The development of the third edition of the JPEG XS standard is nearing its final stages, marking significant progress for the standardisation of high-performance video coding. Notably, Part 4, focusing on conformance testing, has been officially accepted by ISO and IEC for publication. Meanwhile, Part 5, which provides reference software, is presently at Draft International Standard (DIS) ballot stage.

In a move that underscores the commitment to accessibility and innovation in media technology, both Part 4 and Part 5 will be made publicly available as free standards. This decision is expected to facilitate widespread adoption and integration of JPEG XS in relevant industries and applications.

Looking to the future, the JPEG Committee is exploring enhancements to the JPEG XS standard, particularly in supporting a master-proxy stream feature.
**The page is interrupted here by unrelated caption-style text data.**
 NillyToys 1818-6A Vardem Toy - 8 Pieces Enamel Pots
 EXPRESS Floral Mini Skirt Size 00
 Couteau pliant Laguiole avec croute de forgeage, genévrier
This feature enables a high-fidelity master video stream to be accompanied by a lower-resolution proxy stream, ensuring minimal overhead. Such functionalities are crucial in optimising broadcast and content production workflows.

JPEG RF

The JPEG RF activity issued the proceedings of the Joint JPEG/MPEG Workshop on Radiance Fields which was held on the 31st of January and featured world-renowned speakers discussing Neural Radiance Fields (NeRF) and 3D Gaussian Splatting (3DGS) from the perspective of both academia, industry, and standardisation groups. Video recordings and all related material were made publicly available on the JPEG website. Moreover, an improved version of the JPEG RF State of the Art and Challenges document was proposed, including an updated review of coding techniques for radiance fields as well as newly identified use cases and requirements. The group also defined an exploration study to investigate protocols for subjective and objective quality assessment, which are considered to be crucial to advance this activity towards a coding standard for radiance fields.

Final Quote

“A cost-effective and interoperable event-based vision ecosystem requires an efficient coding standard. The JPEG Committee embraces this new challenge by initiating a new standardisation project to achieve this objective.” said Prof. Touradj Ebrahimi, the Convenor of the JPEG Committee.